▶ **Try it**
When you copy the listing, skip the images and return each line verbatim.

▶ **Available data**
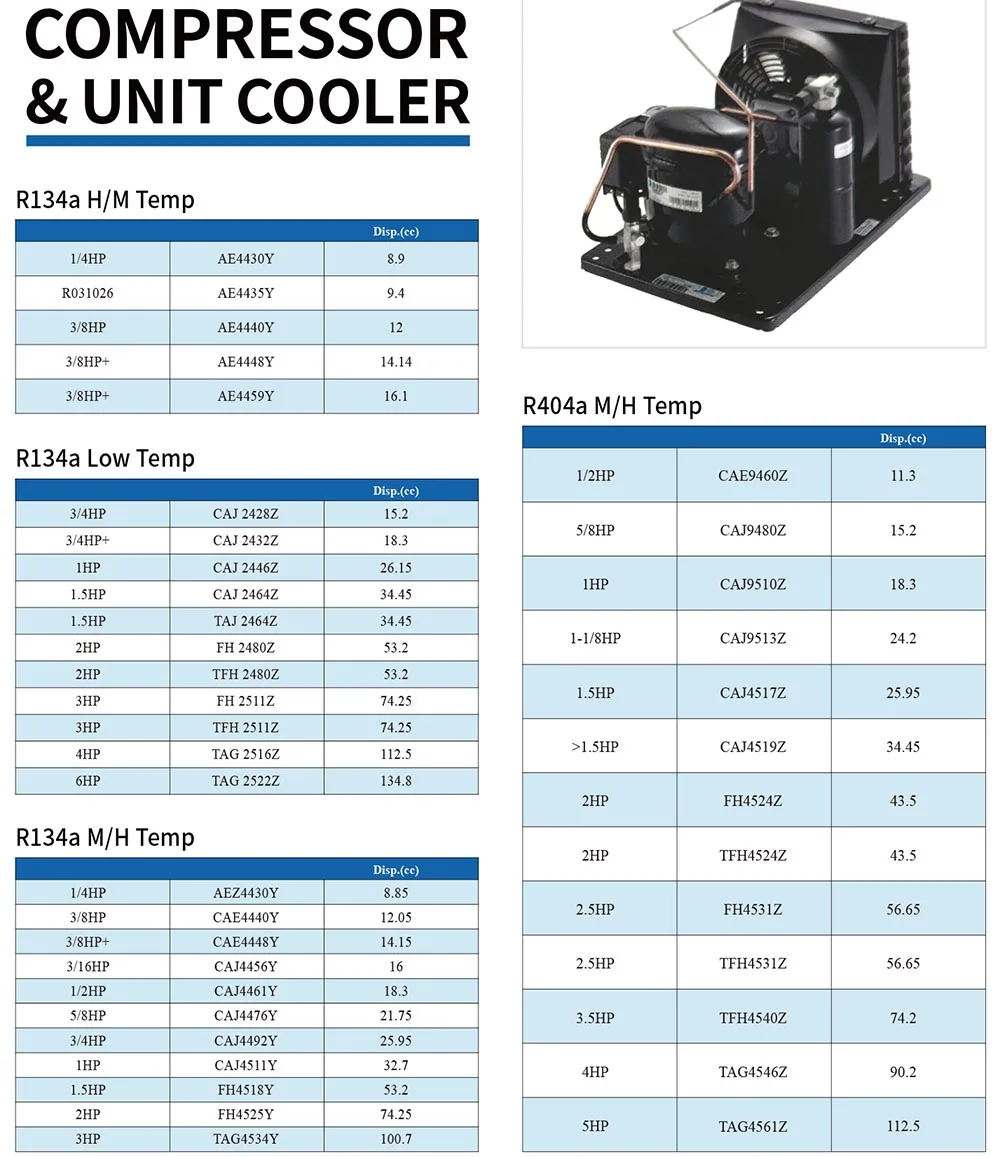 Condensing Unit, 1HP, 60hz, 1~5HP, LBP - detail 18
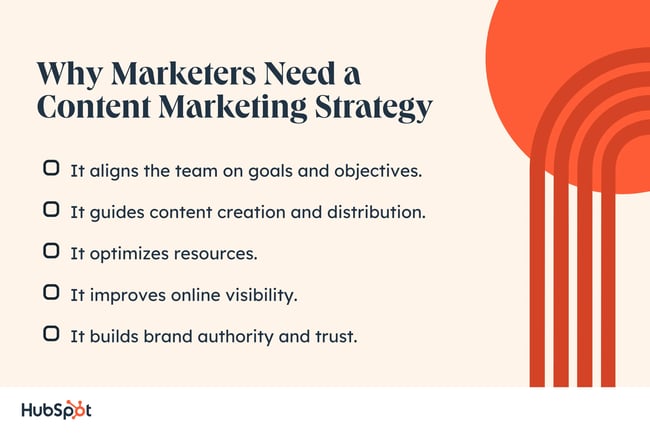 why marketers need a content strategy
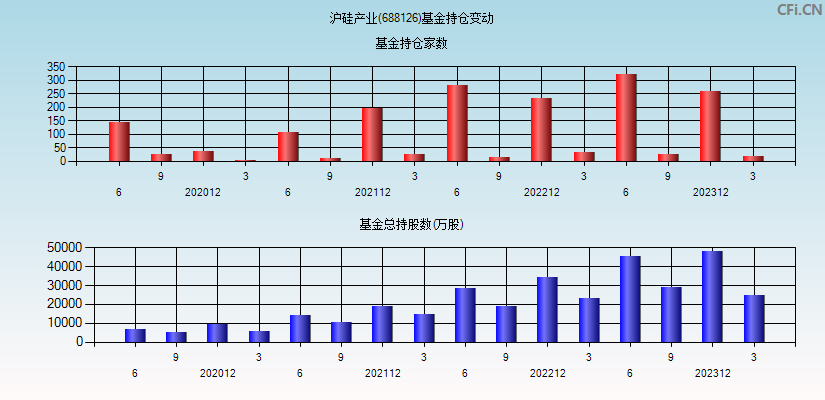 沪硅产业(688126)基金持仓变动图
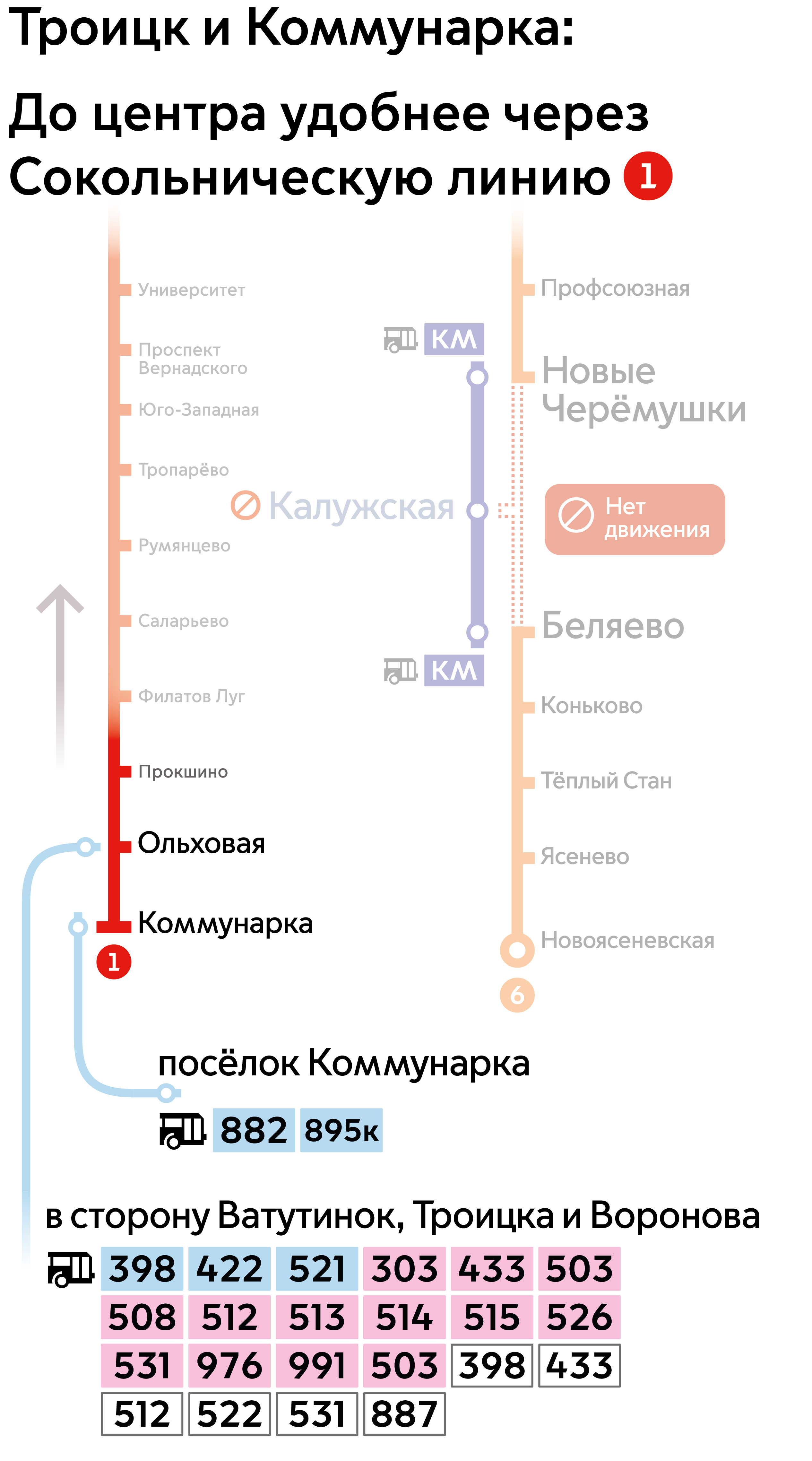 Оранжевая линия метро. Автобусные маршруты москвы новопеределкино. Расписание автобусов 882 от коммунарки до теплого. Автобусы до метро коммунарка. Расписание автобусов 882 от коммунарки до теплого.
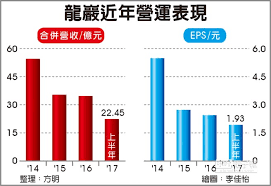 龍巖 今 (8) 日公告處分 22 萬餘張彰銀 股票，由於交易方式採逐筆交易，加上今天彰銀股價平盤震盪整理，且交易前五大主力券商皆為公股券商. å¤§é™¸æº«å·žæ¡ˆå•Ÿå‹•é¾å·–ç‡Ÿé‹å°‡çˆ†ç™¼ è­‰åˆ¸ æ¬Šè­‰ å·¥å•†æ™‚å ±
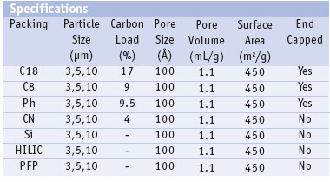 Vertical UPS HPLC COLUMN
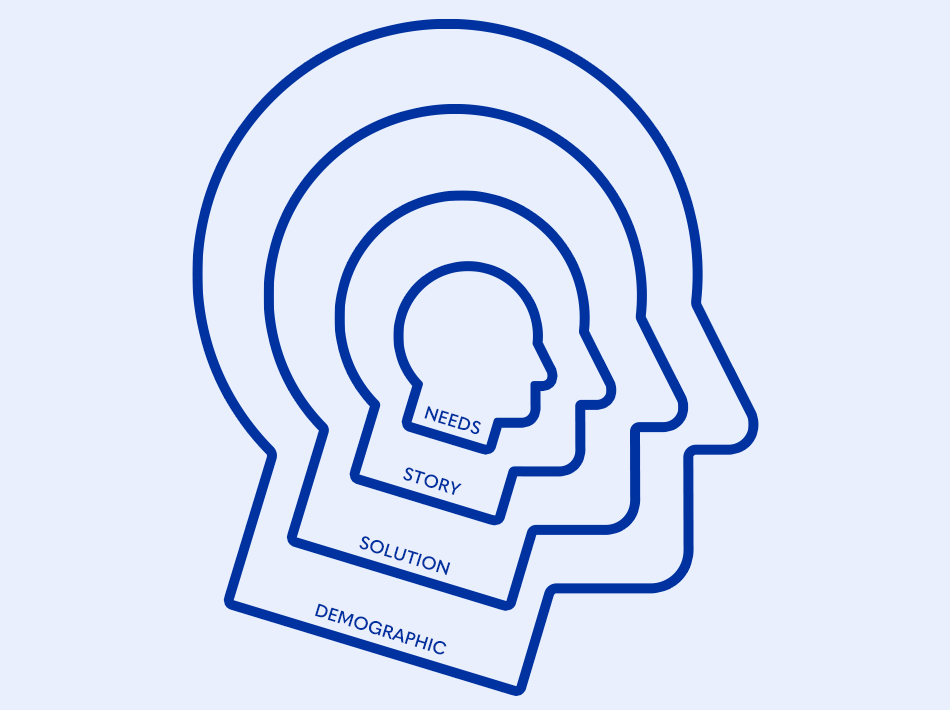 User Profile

▶ **Answer to this problem**
 Condensing Unit, 1HP, 60hz, 1~5HP, LBP - detail 18
 why marketers need a content strategy
 沪硅产业(688126)基金持仓变动图
 Оранжевая линия метро. Автобусные маршруты москвы новопеределкино. Расписание автобусов 882 от коммунарки до теплого. Автобусы до метро коммунарка. Расписание автобусов 882 от коммунарки до теплого.
 龍巖 今 (8) 日公告處分 22 萬餘張彰銀 股票，由於交易方式採逐筆交易，加上今天彰銀股價平盤震盪整理，且交易前五大主力券商皆為公股券商. å¤§é™¸æº«å·žæ¡ˆå•Ÿå‹•é¾å·–ç‡Ÿé‹å°‡çˆ†ç™¼ è­‰åˆ¸ æ¬Šè­‰ å·¥å•†æ™‚å ±
 Vertical UPS HPLC COLUMN
 User Profile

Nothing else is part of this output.